2. This appeal has been preferred against the impugned judgment and order dated 25.9.2012 passed by the High Court of Punjab and Haryana at Chandigarh in L.P.A.No. 2028 of 2011, by way of which it has reversed the judgment and order of the learned Single Judge dated 20.5.2011 passed in Writ Petition No. 1201 of 1988, by which and whereunder the learned Single Judge had awarded the relief to the appellant herein on the ground that in case the Disciplinary Authority does not agree with the findings recorded by the Enquiry Officer in disciplinary proceedings, the Disciplinary Authority must record reasons for disagreement and communicate the same to the delinquent and seek his response and only after considering the same, he could pass the order of punishment.

3. Facts and circumstances giving rise to this appeal are that:

A. The appellant was appointed as Clerk/Cashier in the respondent Bank in the year 1969 and was promoted as Accountant in the year 1977, and further promoted as Assistant Manager in the year 1981. The Disciplinary Authority put him under suspension in November, 1982 for certain delinquencies and in respect of the same, a chargesheet dated 7.2.1983 was served upon him containing four charges namely:

i. Tampering with official record to the detriment of the Bank's interest;

ii. Indulging in un-authorized business against the interest of the Bank;

iii. Mis-utilising official position to benefit relatives and friends against the interest of the Bank; and

iv. Concealment of facts from the authorities.

B. The appellant submitted his reply to the said charges in July, 1983 denying all the allegations and further submitting that it was the Branch Manager who had sanctioned all the loans and advances and all the entries had been made at his behest. As the Disciplinary Authority was not satisfied with the reply submitted by the appellant, an Enquiry Officer was appointed to examine the charges.

C. After conducting and concluding the enquiry, the Enquiry Officer submitted report dated 27.2.1985 exonerating the appellant on all the charges and in support of the findings sufficient reasons had been given on each charge.

D. The Disciplinary Authority partly agreed with the findings on charge Nos. (ii) and (iii), but disagreed with the findings qua charge Nos. (i) and (iv), and vide order dated 27.4.1985 imposed the punishment of dismissal from service.

E. Aggrieved, the appellant preferred the appeal against the said order under Regulation 17 of the Punjab National Bank Officers/Employees (Discipline and Appeal) Regulation 1977 (hereinafter referred to as the 'Regulations), and the appeal was dismissed vide order dated 14.8.1985 by the Appellate Authority. The Appellate Authority also concurred with the findings on two charges recorded by the Enquiry Officer.

F. Being aggrieved of the order of the Appellate Authority, the appellant filed review petition under Regulation 18 of the Regulations and the said review petition was also dismissed vide order dated 19.8.1987.

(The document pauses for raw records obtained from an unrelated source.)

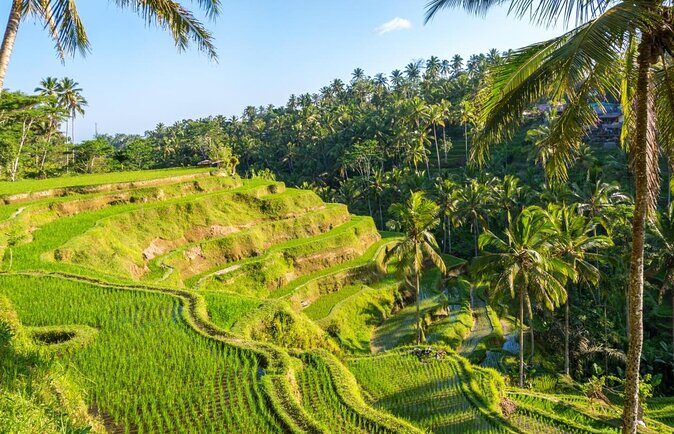 ATV Quad Bike with Kintamani Volcano Tour - All Inclusive - Quick Highlights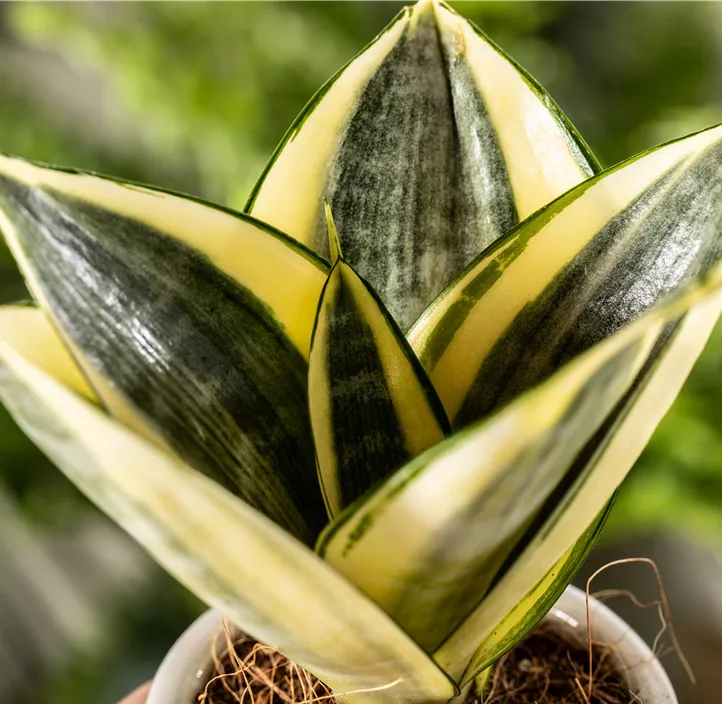 Bogenhanf 'Golden Hahnii'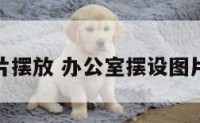 办公室图片摆放 办公室摆设图片大全温馨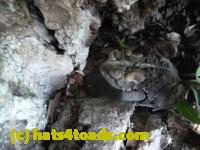/home//u458753944/public_html/sourcegallery//Toads/P11/P1120603.JPG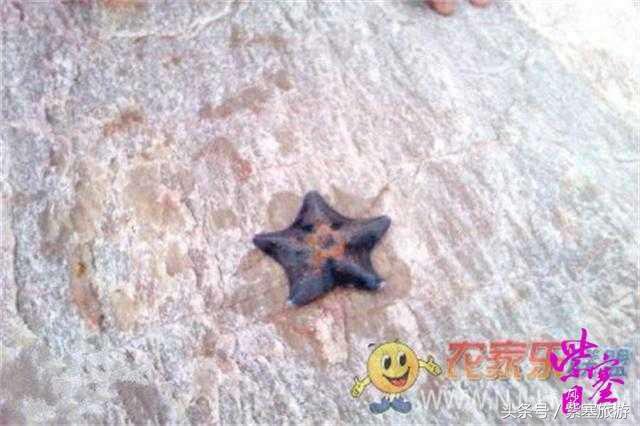 京津冀农家院详细攻略,紫塞大钦岛伟浩渔家乐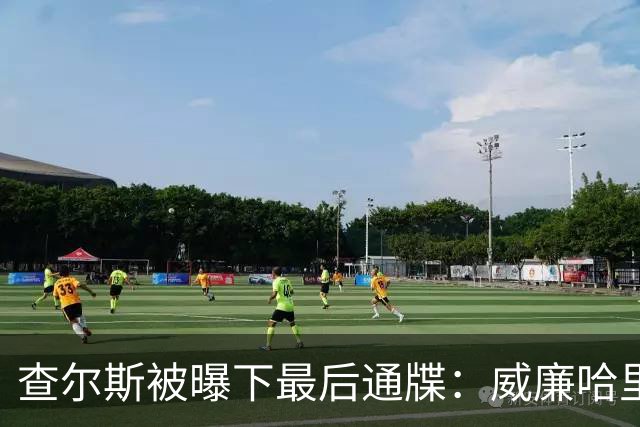 查尔斯被曝下最后通牒：威廉哈里必须公开同框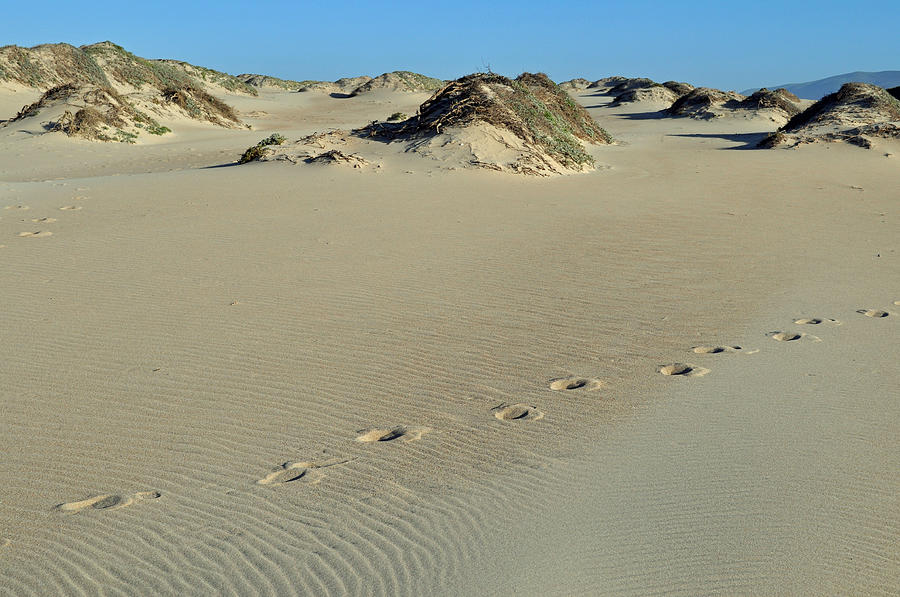 Footprints in the Dunes Photograph by Bruce Gourley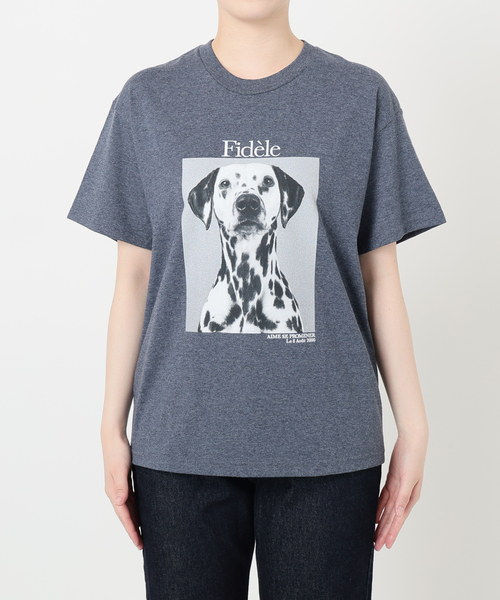DOG PHOTO TEE（Tシャツ/カットソー）｜SLOBE IENA
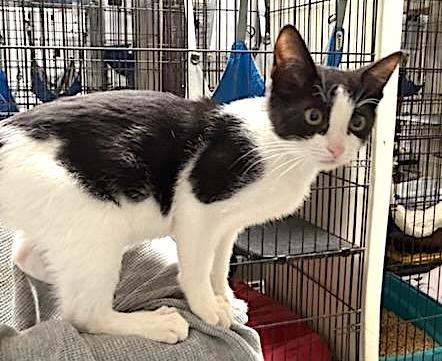 Dandy, a Adopted Domestic Short Hair in Albemarle, NC image 1/2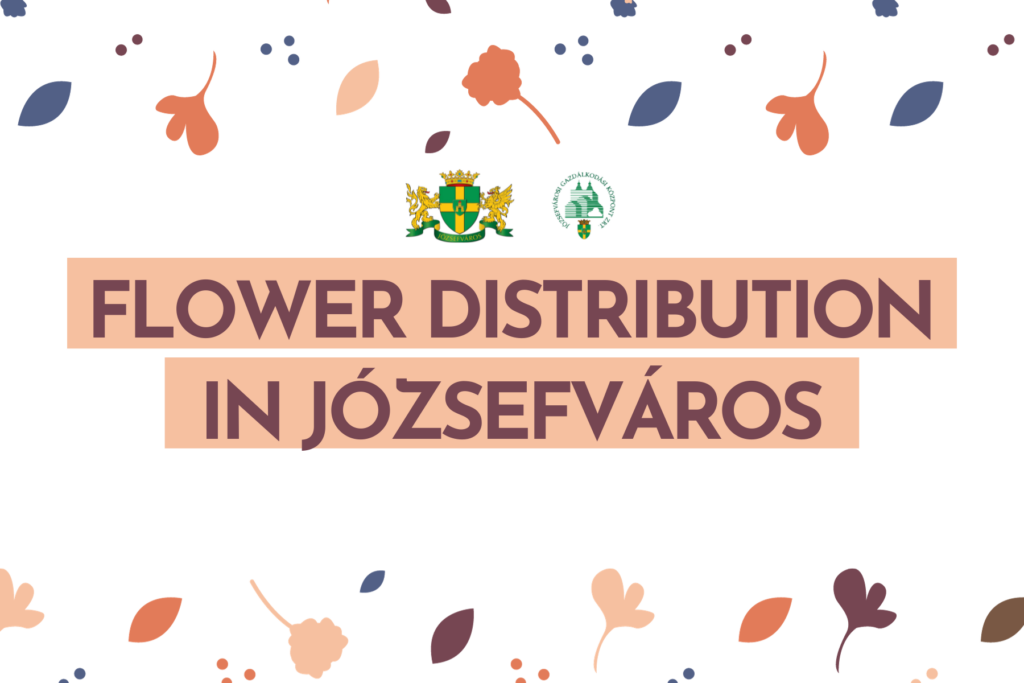 Flower distribution in Józsefváros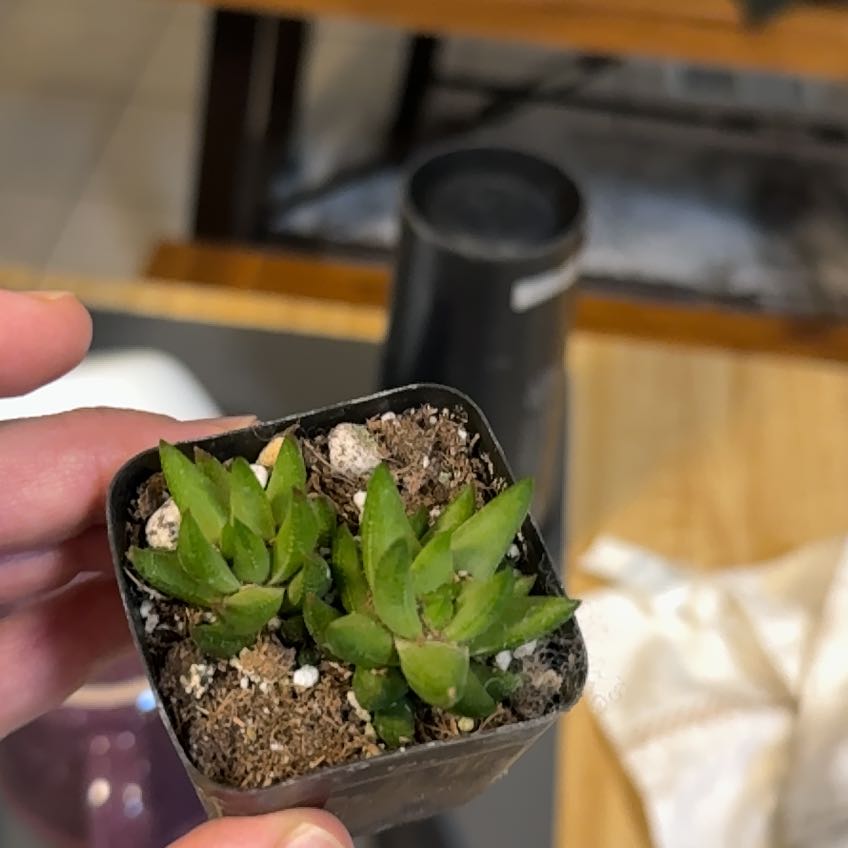 Photo of the plant species Fairy Washboard by @JuicyCurlyheads named Sage on Greg, the plant care app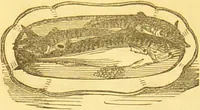 An illustration from Warne's model cookery and housekeeping book : containing complete instructions in household management / compiled and edited by Mary Jewry. (1871)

G. The appellant challenged the said orders of punishment by filing a Writ Petition No. 1201 of 1988 before the High Court of Punjab and Haryana at Chandigarh. The said writ petition was contested by the respondent Bank. The learned Single Judge allowed the said writ petition vide judgment and order dated 20.5.2011, holding that in case the Disciplinary Authority disagrees with the findings recorded by the Enquiry Officer, he must record reasons for the dis-agreement and communicate the same to the delinquent seeking his explanation and after considering the same, the punishment could be passed. In the instant case, as such a course had not been resorted to, the punishment order stood vitiated.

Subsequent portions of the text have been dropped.